End to End Data Lineage Tracking the Elusive Holy Grail.
Having been involved in metadata management for over 15 years now, I am still amazed that most folks still get stuck on chasing the elusive lineage holy grail. Many projects fail, go over budget, or just die on the vine as a result of taking this position of only wanting the perfect “If I can’t have my cake and eat it, I won’t do anything at all”. Sorry to be so blunt, but that’s the sad reality.
Let me explain,
In many instances when I speak with a client, I am ultimately faced with the questions around magically stitching metadata across a cornucopia of tools, custom processes, languages, parametrized jobs, source code, and black boxes; yes black boxes!.
The Facts.
While high end ETL tools do provide robust lineage capabilities, they only do so for the data points they are setup for. This is what I call a point solution. Most third party tools do not do a good job in making their metadata easily available in the first place, or even complete (externally anyway). Many gaps exist. This is a fact. On top of that, we have to figure out all the intermediate processes, custom applications, and cross platform issues. Shooting for this is time consuming and tremendously expensive.
In many instances, unless a company is using a single point solution end to end, a complex mapping activity needs to occur. That is if you want to do that. Most don’t. Most companies won’t invest in this strategic non-revenue generating effort, which if you like uphill battles, this is a good one to undertake.
Even if you could somehow magically infer most of that metadata. The business rules, logic, and tribal knowledge won’t be found in an ETL tool or documentation.
At the end of the day you can’t make a silk purse out of a sow’s ear!
What is the Solution?
We’ll it’s simple, streamline your expectations and take a phased approach. I repeat, phased approach! If the lineage metadata is available, you can have a pretty picture of the lineage. If it’s not, you cannot. Not easily anyway. However, what you can do is have a robust, metadata impact analysis capability that is automatic, and requires little manual labor to setup.
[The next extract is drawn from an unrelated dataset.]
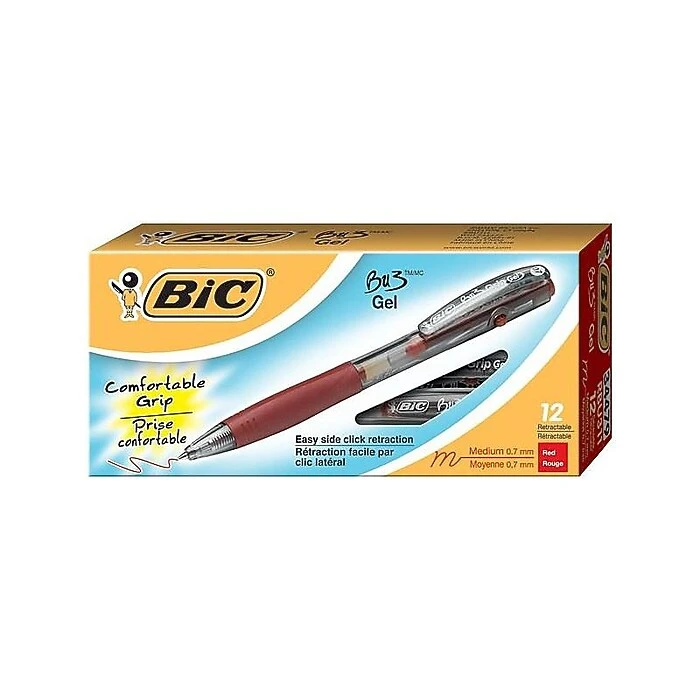 BIC BU3 Retractable Gel Pens, Medium Point, Red Ink, Dozen (RBU311-RED) 2 BIC BU3 Retractable Gel Pens, Medium Point, Red Ink, Dozen (RBU311-RED) - Image 2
Here is one scenario, I need to find the impact of changing a data element. I perform an impact analysis and find that this element is affected by an ETL process. If available, I can see the lineage. However, if it is not, I can always open up the ETL tool and drill into the gory details from there. The metadata tool will tell me information about what tool, and what job or package impacts the element. It points me in the right direction.
An Analogy
Go to Google and search for something you need. It will list possible matches, one result happens to be a PDF document. The title looks interesting and the metadata leads you to believe it contains what you are looking for. You need to open the document to really be sure. Presto, got what I need. Google isn’t magic really, its a powerful search engine, and it’s the worlds most popular for searching the internet.
Conclusion
If you truly want to start leveraging your metadata, think in these terms. Set your expectations realistically. The biggest bang for your buck is going to come from cataloging and delivering powerful search and impact analysis features to your users.These are out of the box capabilties.
If you are not managing or leveraging your metadata, then you are probably doing all of this manually. Very time consuming and unnecessary.You can always start there, and add business lineage through a governance and stewardship effort if desired over time. It’s a win win.